## TASK REQUIREMENTS
Gather every line of the entries that includes the word "holding".

## DATA FOR ANALYSIS
= Beginning of Section =

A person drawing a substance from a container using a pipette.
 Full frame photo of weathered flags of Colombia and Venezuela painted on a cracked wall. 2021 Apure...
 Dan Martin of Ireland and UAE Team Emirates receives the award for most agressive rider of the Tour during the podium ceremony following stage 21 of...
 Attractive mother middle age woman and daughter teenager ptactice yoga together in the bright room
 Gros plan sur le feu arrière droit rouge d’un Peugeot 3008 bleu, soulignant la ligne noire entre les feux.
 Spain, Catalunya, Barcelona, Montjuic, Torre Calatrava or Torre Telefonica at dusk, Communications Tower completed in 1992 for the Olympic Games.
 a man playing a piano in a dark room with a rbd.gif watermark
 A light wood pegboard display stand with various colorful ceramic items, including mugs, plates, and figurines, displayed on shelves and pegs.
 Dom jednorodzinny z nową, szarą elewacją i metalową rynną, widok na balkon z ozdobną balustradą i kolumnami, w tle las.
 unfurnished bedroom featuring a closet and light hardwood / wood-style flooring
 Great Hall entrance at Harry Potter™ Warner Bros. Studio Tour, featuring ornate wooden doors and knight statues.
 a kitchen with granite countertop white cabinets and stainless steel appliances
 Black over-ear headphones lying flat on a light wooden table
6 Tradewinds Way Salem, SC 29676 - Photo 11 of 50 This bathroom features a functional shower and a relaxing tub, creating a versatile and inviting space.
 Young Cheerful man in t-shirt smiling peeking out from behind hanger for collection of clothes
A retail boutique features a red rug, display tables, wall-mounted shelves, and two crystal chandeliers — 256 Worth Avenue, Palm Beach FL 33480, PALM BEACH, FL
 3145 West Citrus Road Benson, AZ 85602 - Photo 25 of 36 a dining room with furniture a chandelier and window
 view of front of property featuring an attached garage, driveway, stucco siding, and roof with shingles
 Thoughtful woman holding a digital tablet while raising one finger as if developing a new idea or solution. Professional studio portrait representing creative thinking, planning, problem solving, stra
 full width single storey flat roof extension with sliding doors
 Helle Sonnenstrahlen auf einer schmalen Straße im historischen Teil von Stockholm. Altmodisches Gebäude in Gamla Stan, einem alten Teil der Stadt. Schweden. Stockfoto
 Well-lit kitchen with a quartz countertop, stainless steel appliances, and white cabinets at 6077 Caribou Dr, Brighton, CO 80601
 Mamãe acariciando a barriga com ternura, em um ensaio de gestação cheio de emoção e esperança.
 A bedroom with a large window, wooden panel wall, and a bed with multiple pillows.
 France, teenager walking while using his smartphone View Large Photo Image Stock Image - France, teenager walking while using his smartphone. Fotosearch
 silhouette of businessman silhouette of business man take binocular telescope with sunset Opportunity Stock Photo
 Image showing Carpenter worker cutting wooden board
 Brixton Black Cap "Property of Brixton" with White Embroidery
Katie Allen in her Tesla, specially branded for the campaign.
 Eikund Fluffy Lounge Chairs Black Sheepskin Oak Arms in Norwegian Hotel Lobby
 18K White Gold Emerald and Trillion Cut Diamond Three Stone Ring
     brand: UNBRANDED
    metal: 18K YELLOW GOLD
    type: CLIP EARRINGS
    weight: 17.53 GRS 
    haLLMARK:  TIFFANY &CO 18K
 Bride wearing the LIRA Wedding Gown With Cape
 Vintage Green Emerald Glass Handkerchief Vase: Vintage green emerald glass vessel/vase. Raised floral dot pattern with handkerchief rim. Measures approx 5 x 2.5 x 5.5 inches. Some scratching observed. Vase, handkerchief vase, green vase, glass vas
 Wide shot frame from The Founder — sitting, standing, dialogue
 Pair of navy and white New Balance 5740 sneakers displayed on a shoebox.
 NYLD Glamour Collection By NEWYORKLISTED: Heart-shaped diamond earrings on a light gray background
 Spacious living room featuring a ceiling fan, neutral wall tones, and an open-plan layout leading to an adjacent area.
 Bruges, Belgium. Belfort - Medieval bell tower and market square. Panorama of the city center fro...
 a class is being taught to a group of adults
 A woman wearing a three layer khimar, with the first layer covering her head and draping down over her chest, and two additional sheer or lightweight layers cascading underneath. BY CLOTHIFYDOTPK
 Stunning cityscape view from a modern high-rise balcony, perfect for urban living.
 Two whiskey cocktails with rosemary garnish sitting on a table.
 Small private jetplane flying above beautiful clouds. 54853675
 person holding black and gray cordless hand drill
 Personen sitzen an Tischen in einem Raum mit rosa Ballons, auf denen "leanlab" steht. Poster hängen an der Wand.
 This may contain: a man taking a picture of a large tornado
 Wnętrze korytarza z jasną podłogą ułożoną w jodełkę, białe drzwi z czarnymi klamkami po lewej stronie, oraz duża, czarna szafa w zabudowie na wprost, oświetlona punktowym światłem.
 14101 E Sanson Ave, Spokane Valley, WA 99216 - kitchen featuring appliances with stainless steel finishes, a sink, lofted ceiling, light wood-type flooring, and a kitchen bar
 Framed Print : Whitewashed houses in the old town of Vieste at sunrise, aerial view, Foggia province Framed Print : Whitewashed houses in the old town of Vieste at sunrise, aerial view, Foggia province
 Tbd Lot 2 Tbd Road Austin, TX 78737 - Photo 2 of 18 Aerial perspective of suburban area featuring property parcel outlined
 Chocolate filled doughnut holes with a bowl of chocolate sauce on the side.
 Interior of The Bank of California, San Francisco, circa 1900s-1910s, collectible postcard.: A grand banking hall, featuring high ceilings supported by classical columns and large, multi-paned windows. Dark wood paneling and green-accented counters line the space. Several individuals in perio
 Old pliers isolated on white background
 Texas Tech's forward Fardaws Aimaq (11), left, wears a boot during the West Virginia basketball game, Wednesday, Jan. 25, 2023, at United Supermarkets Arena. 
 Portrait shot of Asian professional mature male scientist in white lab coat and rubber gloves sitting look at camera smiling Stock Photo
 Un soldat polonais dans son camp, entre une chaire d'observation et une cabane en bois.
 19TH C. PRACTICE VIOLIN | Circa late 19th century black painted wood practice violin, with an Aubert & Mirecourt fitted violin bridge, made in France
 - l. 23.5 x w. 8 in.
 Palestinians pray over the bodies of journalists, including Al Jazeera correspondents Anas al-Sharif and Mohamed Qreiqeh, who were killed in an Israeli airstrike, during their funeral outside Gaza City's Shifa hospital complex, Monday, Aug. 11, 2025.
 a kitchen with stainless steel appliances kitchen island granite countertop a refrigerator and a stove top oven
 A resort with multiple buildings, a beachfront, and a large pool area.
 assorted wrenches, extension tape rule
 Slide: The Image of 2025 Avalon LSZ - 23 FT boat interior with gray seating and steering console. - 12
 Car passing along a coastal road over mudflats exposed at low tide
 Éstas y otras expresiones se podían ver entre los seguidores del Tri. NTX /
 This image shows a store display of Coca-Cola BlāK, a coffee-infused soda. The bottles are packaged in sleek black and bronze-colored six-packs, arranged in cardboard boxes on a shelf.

= End of Section =

## RESPONSE
 Thoughtful woman holding a digital tablet while raising one finger as if developing a new idea or solution. Professional studio portrait representing creative thinking, planning, problem solving, stra
 person holding black and gray cordless hand drill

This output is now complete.